Composition:
Pork belly or plum blossom meat (it must be fat and thin to be delicious) Vegetables: North tofu, potatoes, eggplant, Chinese cabbage, kelp, sweet potato vermicelli, fungus meatballs (meatballs and pork are fried together, and the next issue will bring you the practice of frying meatballs) Seasoning:
Star anise, onion, ginger and garlic, soy sauce, soy sauce, Shanxi mature vinegar (must not be less)
Total composition
Exercise:
1. Processing ingredients. Slice pork, wash potatoes, eggplant and cabbage, cut into pieces, and soak kelp and fungus noodles.
Tip: Knife method of cutting vegetables: In Shanxi braised dishes, vegetables are cut into blocks with oblique knives. underneath
Oblique cut vegetables
2. Pour the oil into a hot pot. When the oil is hot, fry the tofu in the pot until golden brown.
Fried tofu
Tip: There is a big difference between the north tofu in Beijing supermarket and the authentic north tofu in Shanxi. The north tofu in Shanxi braised dishes is particularly hard, and it is fried into oil and splashed with tofu. The tofu I bought today is soft and can only be fried into golden brown.
3. Take another wok, heat it and pour in the right amount of oil. When the oil is hot, stir-fry the sliced meat, stir-fry the oil, add onion, ginger, garlic and aniseed to stir-fry until fragrant, then add kelp, potato, eggplant and fungus in turn, stir-fry evenly, pour in soy sauce, and cook with soy sauce. Boil vinegar along the side of the pot. It must be more old vinegar that makes it more delicious. Add some salt and stir well, then pour in the stock, cover the pot and stew.

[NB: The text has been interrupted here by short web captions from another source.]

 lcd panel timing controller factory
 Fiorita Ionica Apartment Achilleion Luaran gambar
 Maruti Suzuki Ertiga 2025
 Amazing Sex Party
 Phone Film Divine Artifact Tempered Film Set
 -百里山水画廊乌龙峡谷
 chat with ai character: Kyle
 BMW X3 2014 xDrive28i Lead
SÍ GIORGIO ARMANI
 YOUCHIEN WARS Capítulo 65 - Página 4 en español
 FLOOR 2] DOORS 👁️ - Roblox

Tip: Shanxi mature vinegar is very suitable for cooking. For Shanxi people, vinegar must be put in cooking, and vinegar must be put in eating steamed buns and noodles, and a lot of vinegar must be put in. In the next issue, I will talk about the importance of mature vinegar to Shanxi people.
Cooking ingredients in the same pot.
4. Cook all the ingredients in the pot for 5 minutes, and then add the soft sweet potato vermicelli. Because there are potatoes, in order to avoid rot, we must cook them with low fire, and we can enjoy them in 15 minutes. The secret of not burning potatoes is to fry them in oil, shape them, and then cook them in a pot.